• **Exercise objective**:
Skip the pictures. Return exactly the lines from the one containing "Cosmelenia Hotel Apartments galeri fotoğrafı" through the end of the entries below.

• **Exercise data**:
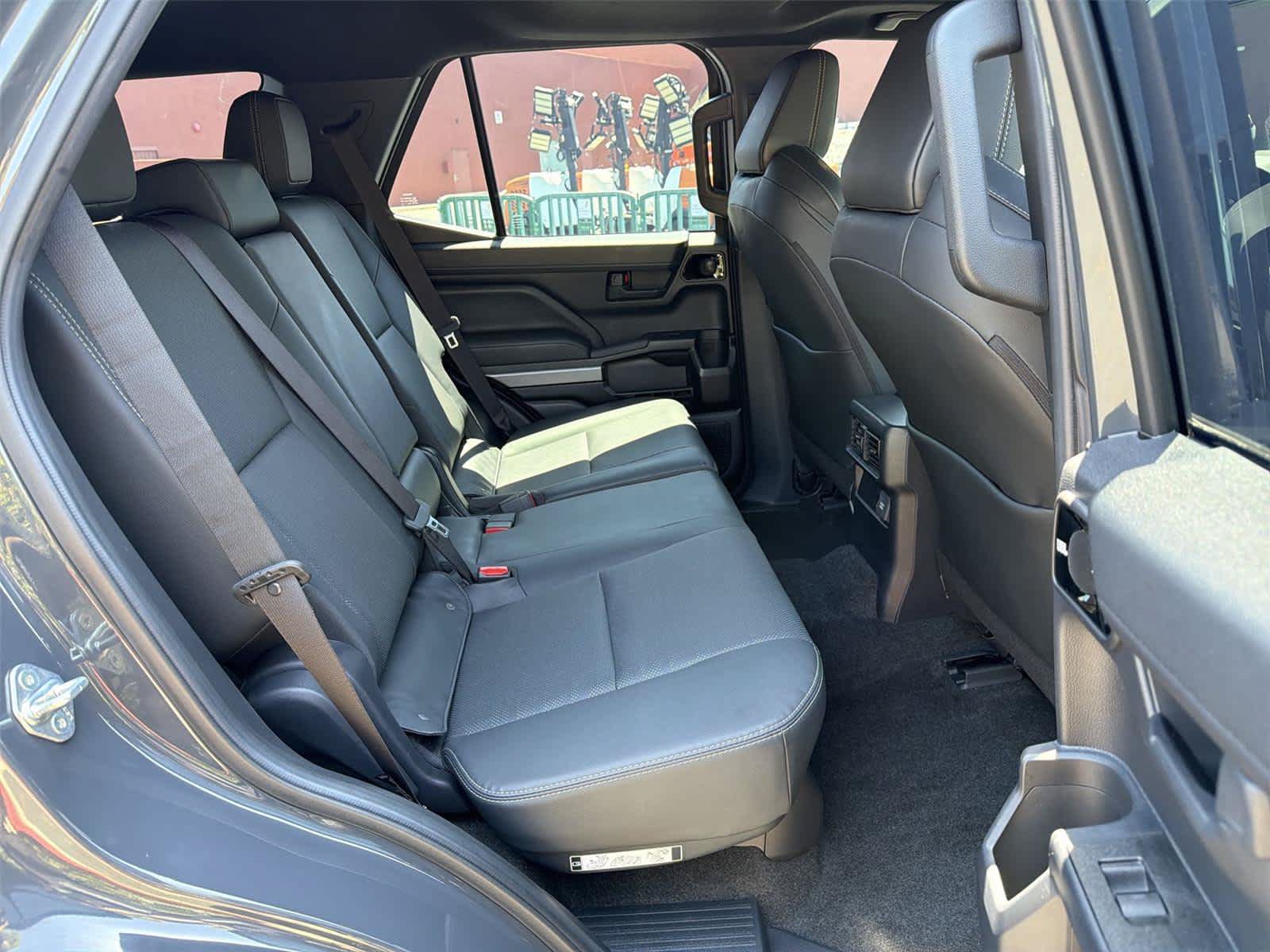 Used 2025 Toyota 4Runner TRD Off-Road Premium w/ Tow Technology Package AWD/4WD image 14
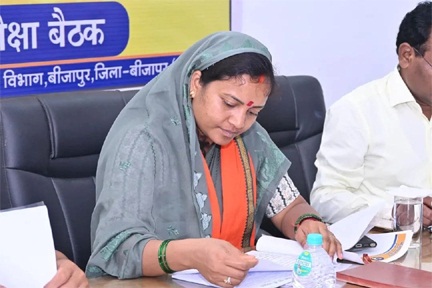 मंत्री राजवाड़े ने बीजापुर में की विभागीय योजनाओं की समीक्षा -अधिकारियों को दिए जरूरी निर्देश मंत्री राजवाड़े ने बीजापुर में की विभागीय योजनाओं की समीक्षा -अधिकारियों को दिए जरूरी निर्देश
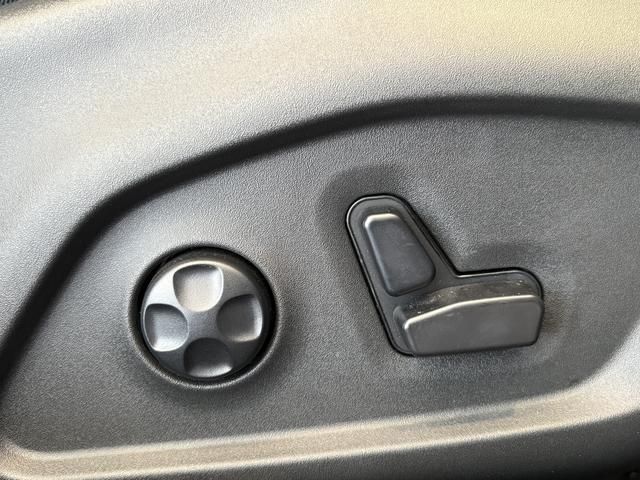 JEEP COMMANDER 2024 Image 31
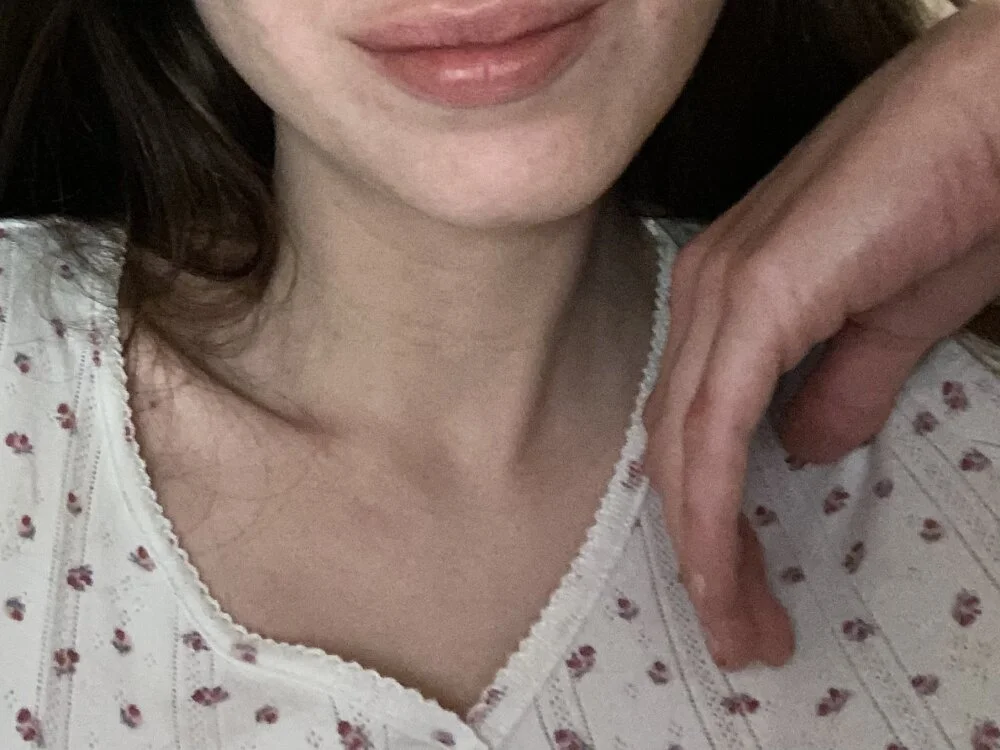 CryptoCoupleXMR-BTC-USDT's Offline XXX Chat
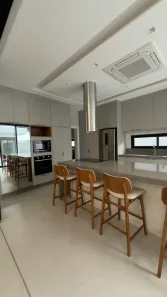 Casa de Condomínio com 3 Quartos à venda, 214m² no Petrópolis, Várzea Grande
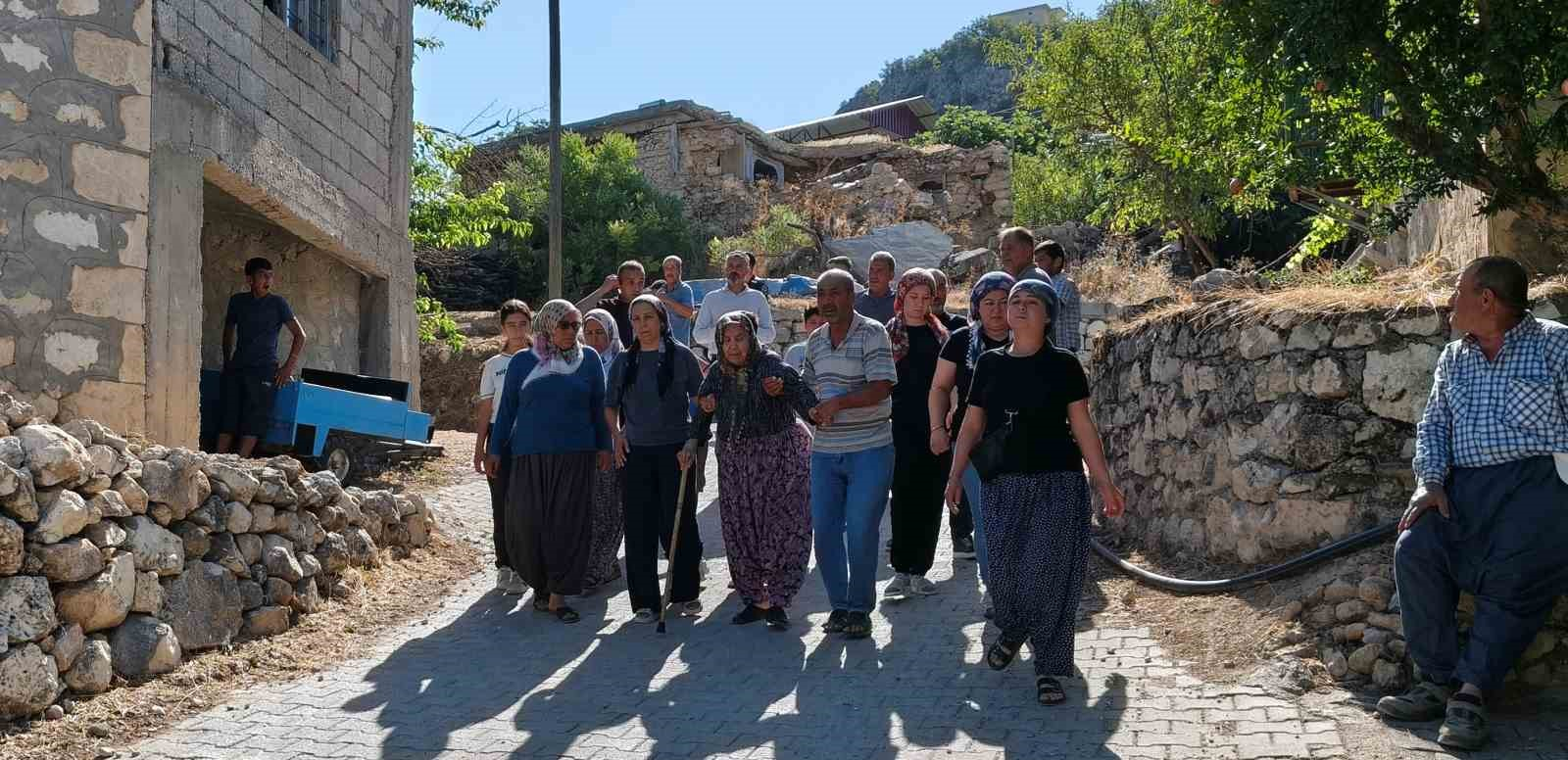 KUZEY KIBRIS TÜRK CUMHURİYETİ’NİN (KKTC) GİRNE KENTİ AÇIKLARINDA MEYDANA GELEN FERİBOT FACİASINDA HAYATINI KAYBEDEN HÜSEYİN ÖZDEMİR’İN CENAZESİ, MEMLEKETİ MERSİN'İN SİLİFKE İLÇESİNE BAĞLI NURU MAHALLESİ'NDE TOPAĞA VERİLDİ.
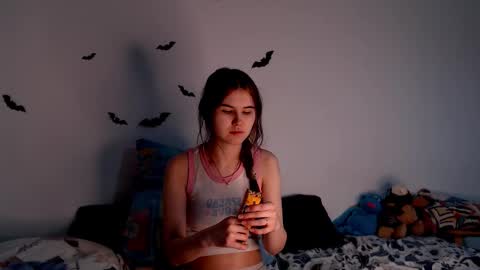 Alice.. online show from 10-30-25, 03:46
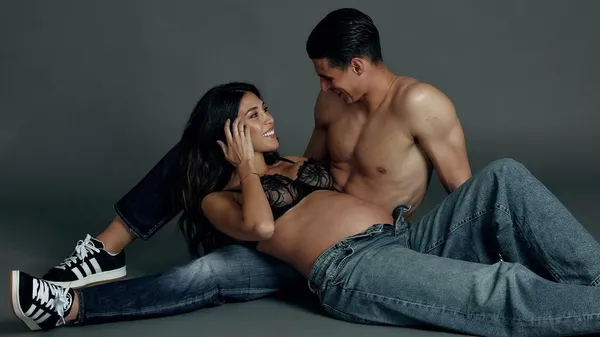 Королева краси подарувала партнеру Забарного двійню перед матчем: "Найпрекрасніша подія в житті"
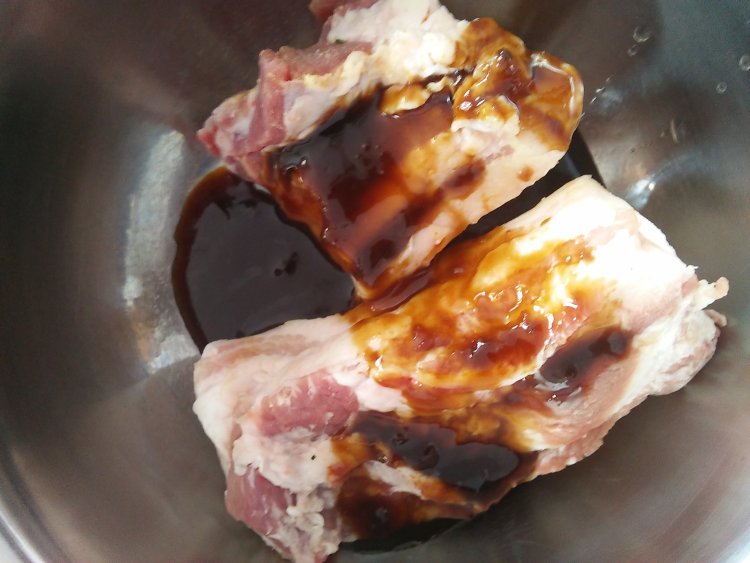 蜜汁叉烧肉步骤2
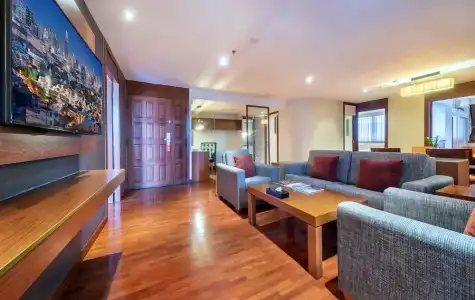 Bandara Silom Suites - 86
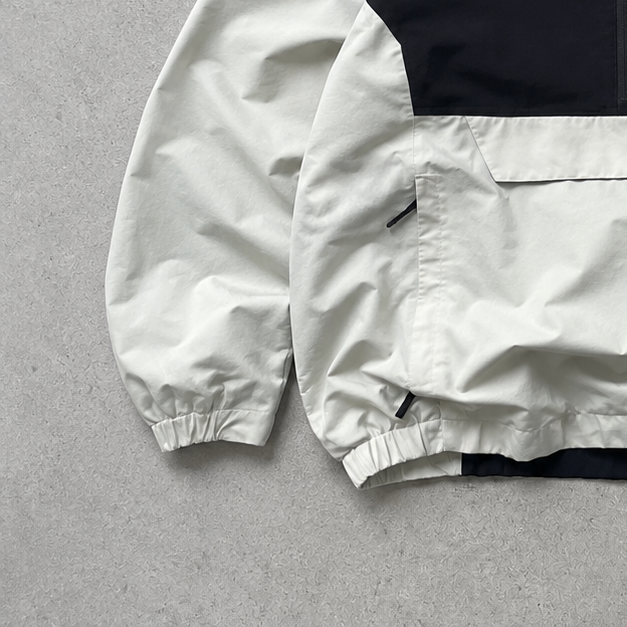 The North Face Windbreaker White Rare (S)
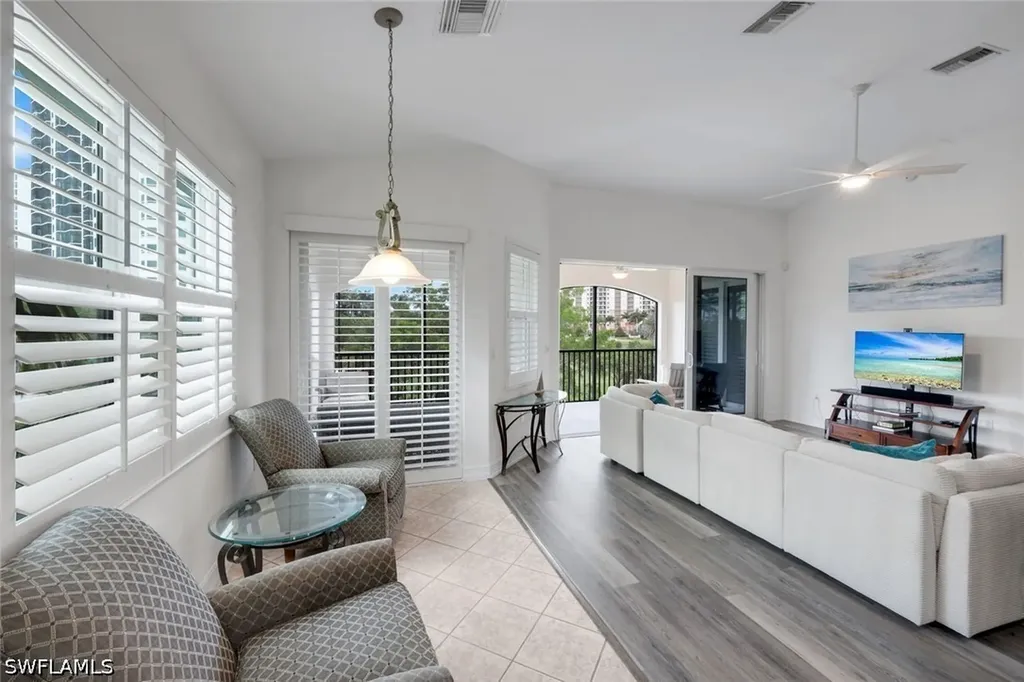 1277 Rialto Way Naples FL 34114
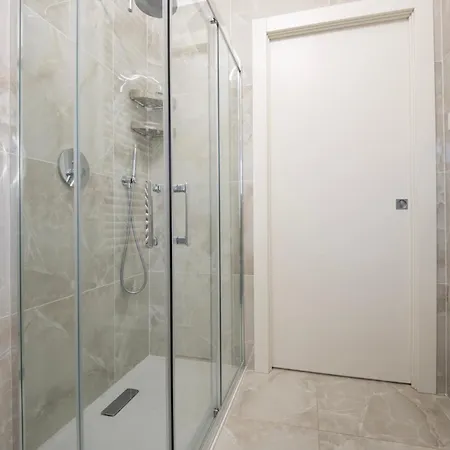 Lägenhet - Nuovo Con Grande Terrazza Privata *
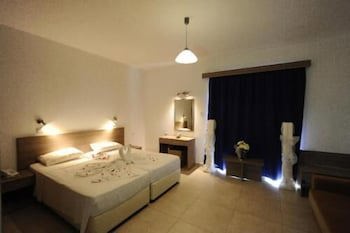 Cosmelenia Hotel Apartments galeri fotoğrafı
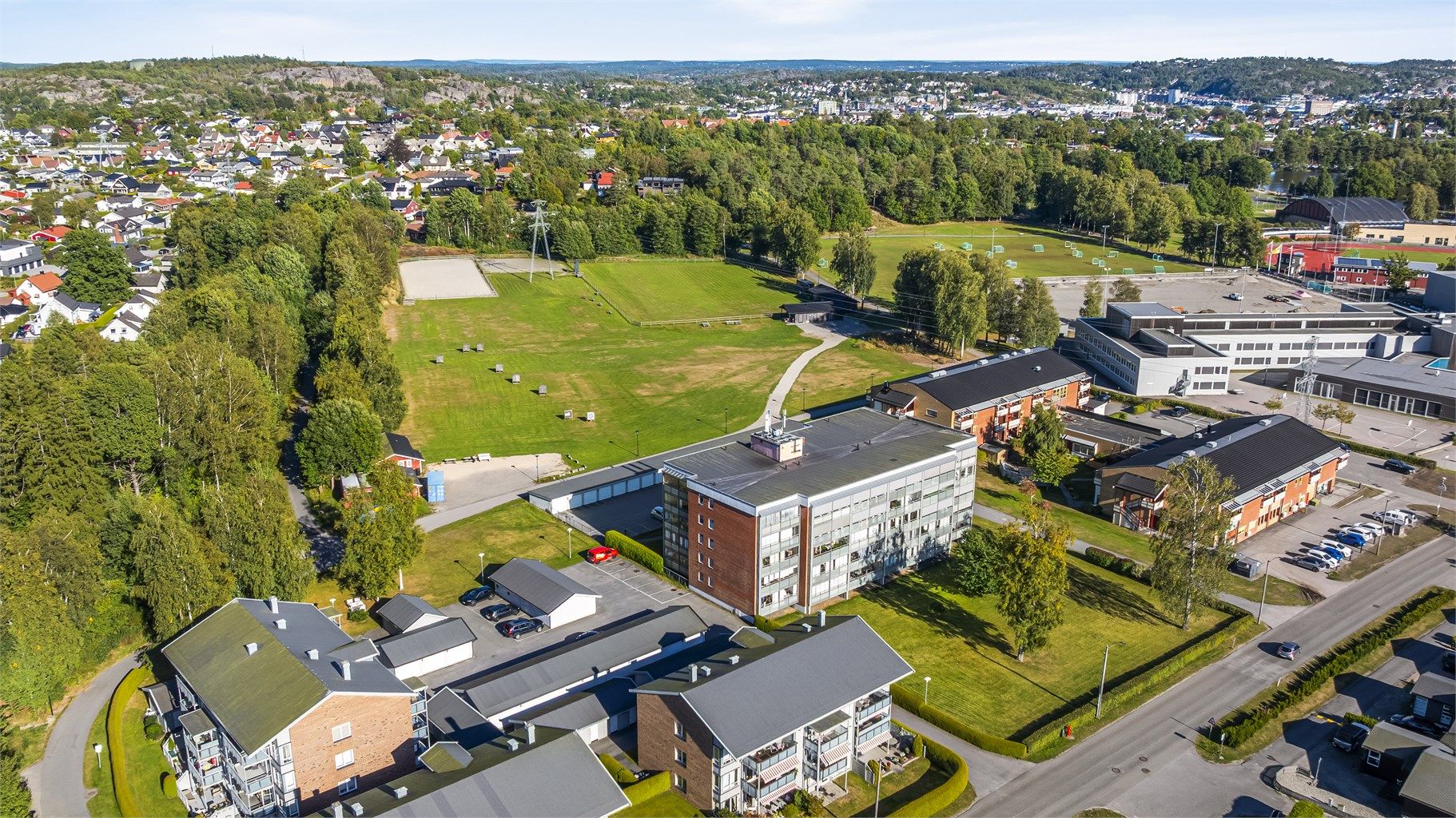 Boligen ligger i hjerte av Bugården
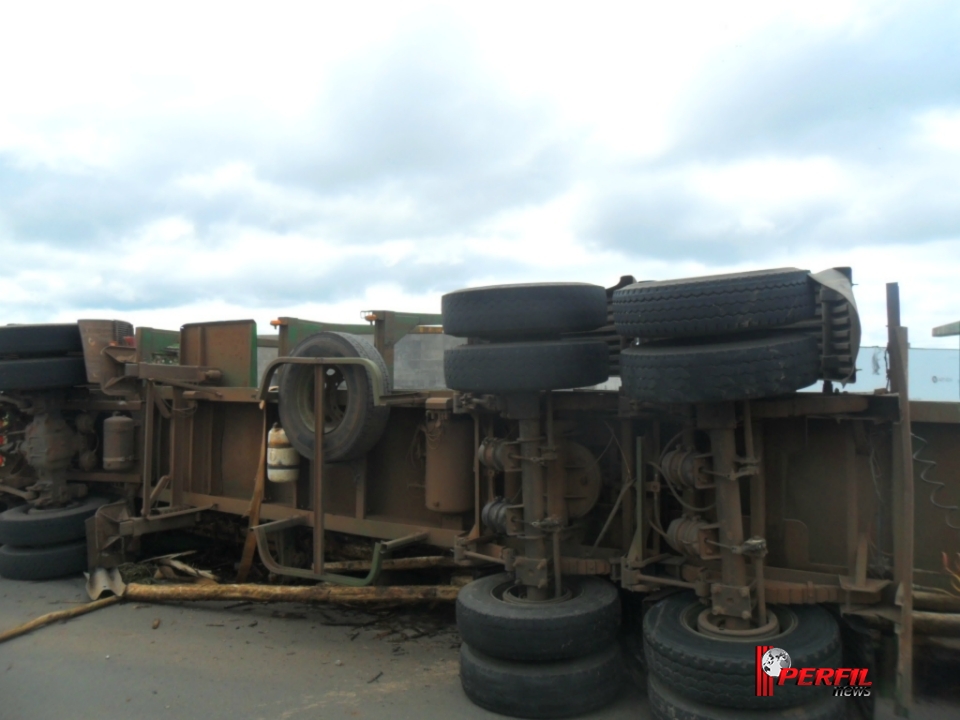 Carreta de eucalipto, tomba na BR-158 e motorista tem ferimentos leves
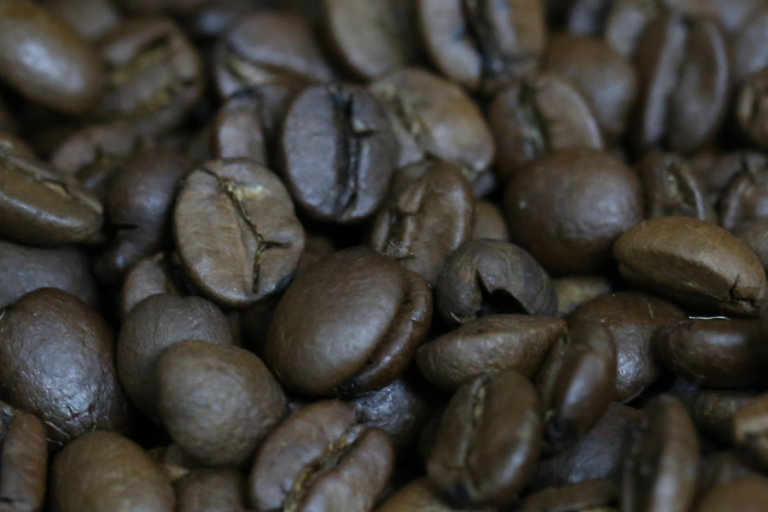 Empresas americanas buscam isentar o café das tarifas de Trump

• **Task answer**:
 Cosmelenia Hotel Apartments galeri fotoğrafı
 Boligen ligger i hjerte av Bugården
 Carreta de eucalipto, tomba na BR-158 e motorista tem ferimentos leves
 Empresas americanas buscam isentar o café das tarifas de Trump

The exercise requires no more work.